You might notice that there is a stage called relapse, and this is because we can’t all be perfectly moving through these stages without slipping up. Money is no different. We vow to be better with money this month, but then we might overspend on something and go right back to the beginning again.
The idea is that we then learn from the mistake and do better next time – and so on and so on until we nail it!
The Spiral Of Change
The spiral of change starts with precontemplation. This is where we wouldn’t even consider making a change.

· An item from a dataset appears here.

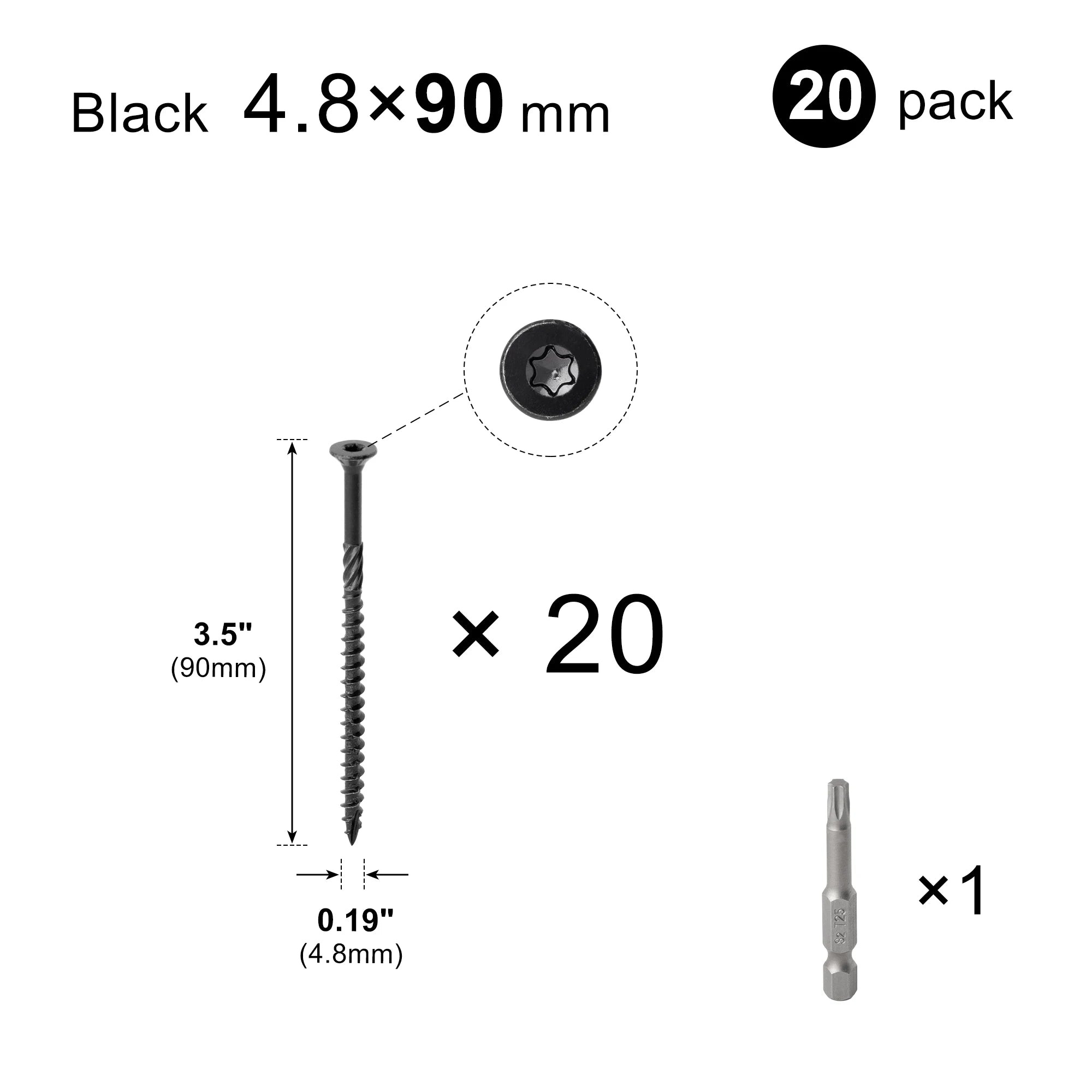 20pcs Torx Slot Knurled Screws Stainless Steel Wood Deck Screws Rust Resistant Six Lobe Self Tapping Fibreboard Drywall Screw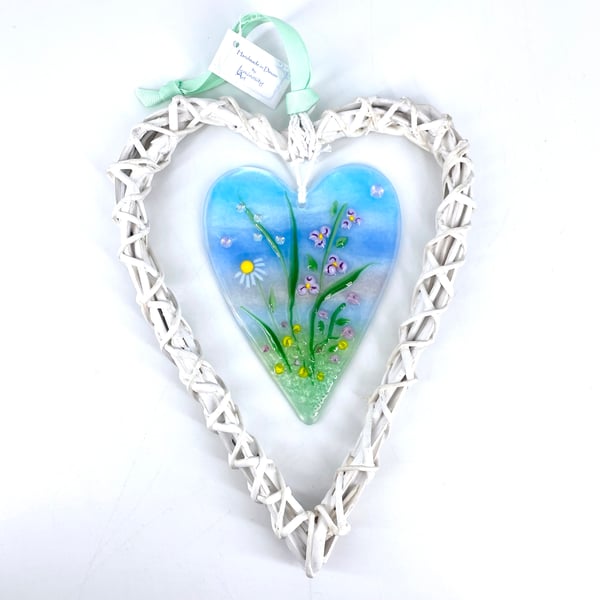 Glass & Wicker Heart with Pretty Pink & Yellow Flowers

We’re happy with the status quo.
Then moving onto contemplation, we get the idea that a problem exists, but taking action isn’t something we’re prepared to do.
Eventually we get to preparation stage – and this is when we start looking at how to make a change – perhaps we start seeing articles or talking with friends to find out what to get started with.
After preparation, we reach action, and this is when modification of behaviour begins!
Maintenance is when the change is replacing old behaviours and habits, and relapse is as expected – we we fall back into an old pattern of behaviour again.
It is necessary to follow all of these steps, and it is ok to relapse and start again.
Things to watch out for
At any stage in the cycle, other people who are not as enlightened as you can derail your progress. It’s especially important to be aware that they may come from those closest to you.
Others might resist you making changes because it’s SCARY to them. If you change, where does that leave them?
So when you’re making changes to MONEY in particular, it helps to surround yourself with likeminded people to talk about it with, rather than your spouse of your friend who might not understand or be supportive.
You might want to come into my free private facebook group for this!
I hope you found that useful – understanding that change is a well documented process is important. I find it reassuring, and I know that if I push through the had times, life will be much easier on the other side!